The UN Human Rights Council convenes a meeting on Monday, May 11, to study the appalling state of human rights in the US. In this meeting, issues of concern such as US police brutality and racism; and wide-scale espionage operations on the American people and citizens of other countries by the US intelligence agencies will be investigated. The dismal state of US prisons, practice of torture and issuance of death penalties in the US, large-scale espionage operations in and out of the US, and drone attacks in Washington’s so-called War on Terror, are the other talking points in this gathering. The Human Rights Council will also focus on serial killings of African-Americans in the US. Several African-Americans have been randomly killed by the US police, including the 18-year-old African-American, Michael Brown, in the city of Ferguson, and Freddie Grey in Baltimore.

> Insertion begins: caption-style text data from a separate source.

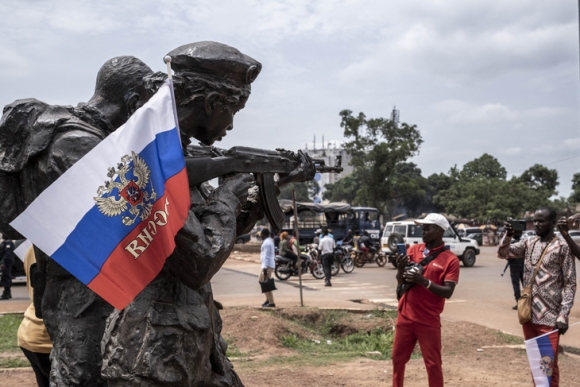 1 Bloomberg Nga Ep Lao Dong Chau Phi Lua Chon Bi Truc Xuat Hoac Sang Mat Tran Ukraine
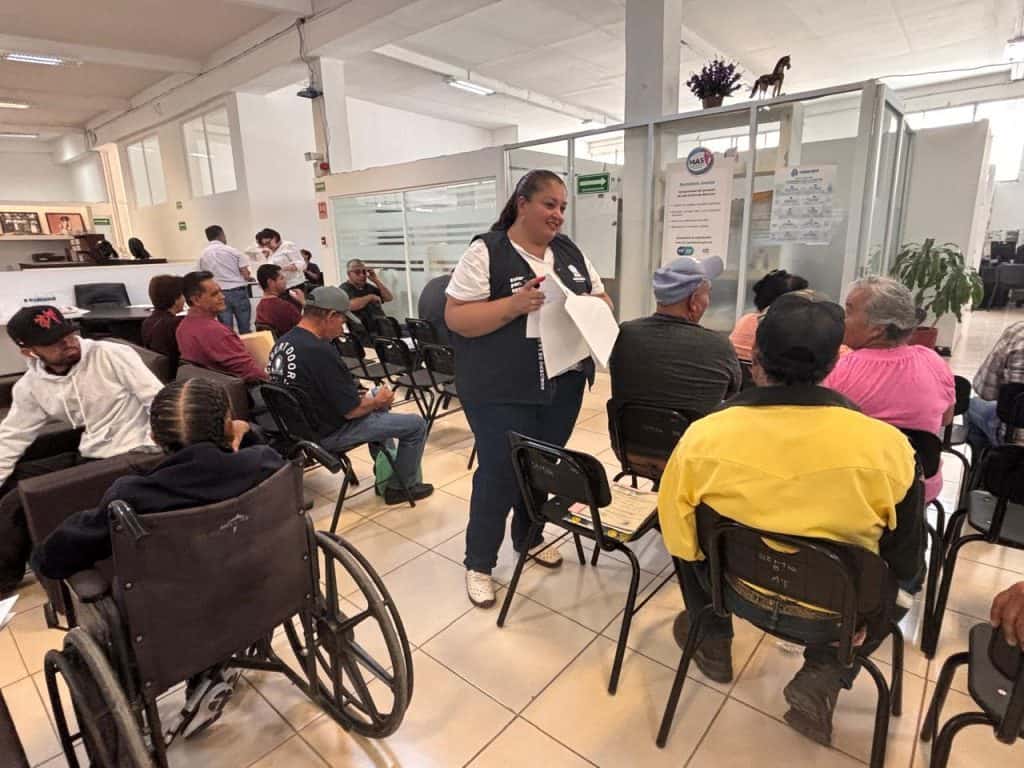 Orientan a adultos mayores guanajuatenses sobre pensiones norteamericanas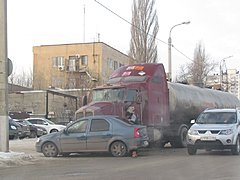 В Волгограде многотонный грузовик подмял под себя иномарку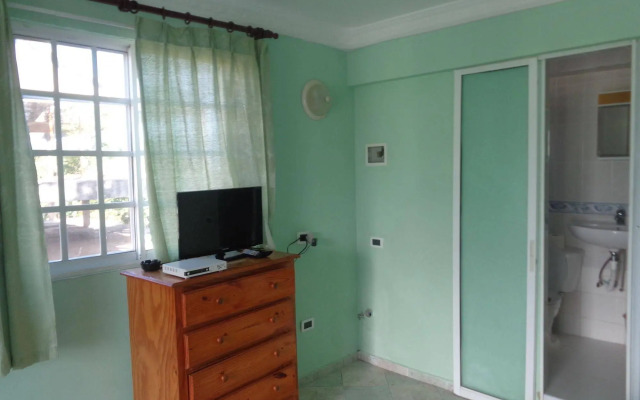 RIG Hostel Boca Chica Back Packer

The US claims to champion human rights, but is in fact the chief violator of human rights in the world. There are more than a million inmates in the US, and racial discrimination against African-Americans and Latinos is rampant in the US jails. The US also maintains a bleak record of conduct in waging wars and in exercise of torture against terror suspects in dreaded Guantanamo Bay prison, Abu Ghraib jail in Iraq, and the Bagram air base jail in Afghanistan. Moreover, the espionage operations of the US administration intelligence organizations against American people have led to protests of the supporters of privacy and human rights organizations. Furthermore, the US, under the pretext of the so-called War on Terror has committed horrendous and gruesome crimes in countries such as Afghanistan and Iraq, mass murdering a significant number of innocent people in these two countries.
Given the US police racial profiling, one of the talking points in this meeting will be racial discrimination and killing death of African-Americans at the hands of US police force. Despite the mounting protests of African Americans and other Americans to inhuman conduct of the US police, we continue to witness the unjustified killing death of African-Americans by the US police officers, and the US administration is yet to take decisive action to end the US police racial profiling. In fact, racial discrimination in the US has turned into an ordinary matter. Although the instatement of the first US African-American president was expected to make a change in the trend of racial discrimination against blacks, one continues to observe surging racial discrimination against vulnerable African-Americans.